After years of severe downturn in business activity, the communications industry is now embracing standards based Modular Communications Platforms (MCPs) as a way to improve profitability while the market recovers. Eclipsing traditionally closed, proprietary communications systems, the adoption of MCPs promises Telecom Equipment Manufacturers (TEMs) and Service Providers (SPs) smaller initial outlays and reduced Total Cost of Ownership (TCO), while at the same time making it easier to develop and run applications. The MCP paradigm is rooted in several industry-wide standards initiatives, and spans a broad ecosystem of building blocks including silicon, boards, chassis, operating systems, middleware, applications, and more.

Historically, the shift toward hardware modularity began with Rack-Mounted Servers (RMSs) that were optimized for compute-centric applications in enterprise networks and back-office systems. To accommodate the extreme requirements of central office environments, however, a more flexible, reliable, modular, scalable, and higher performance approach was needed. Thus, the concept of a “bladed shelf” was born. Recently, the industry represented in the PCI Industrial Computer Manufacturers Group (PICMG) standardized a bladed form factor in a series of specifications known as AdvancedTCA.

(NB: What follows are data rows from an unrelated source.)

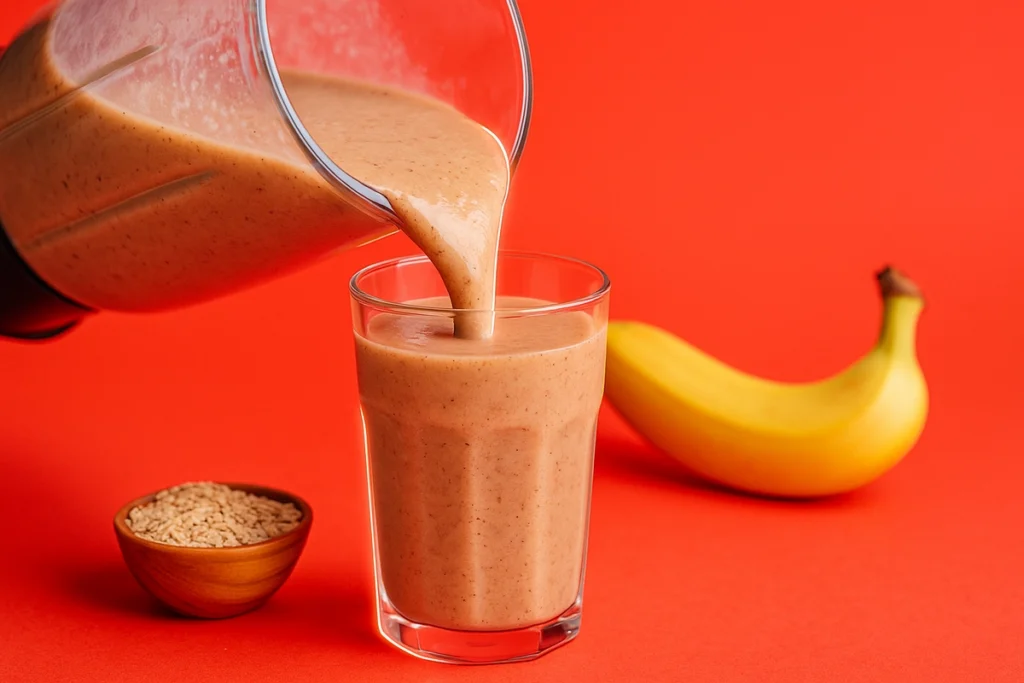 Pouring homemade sugar-free mass gainer shake into a glass
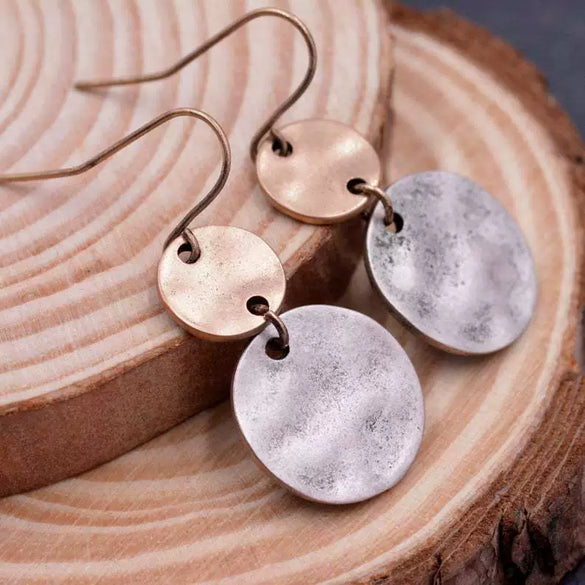 Wholesale Alloy Electroplated Geometric Women's Coin Ring Stitching Retro Earrings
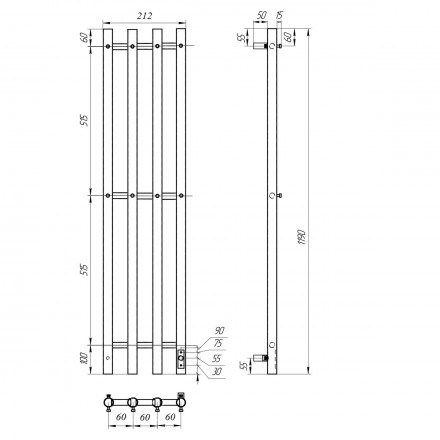 POINT Деметра PN12832B П3 Полотенцесушитель электрический 120x1200 (диммер справа, черный)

AdvancedTCA takes a holistic approach to High Availability (HA) and five 9s (99.999%) reliability required in carrier-grade equipment through the integration of features for resiliency, redundancy, serviceability, and manageability. AdvancedTCA also lays a solid foundation for scalability of system performance and capacity, so that application processors, network processors, Digital Signal Processor (DSP) boards, and storage boards can be hot-swapped on demand with guaranteed interoperability, maintainability, and reliability. With its high emphasis on low-cost manufacturing, AdvancedTCA-based platforms will lower the cost of network elements.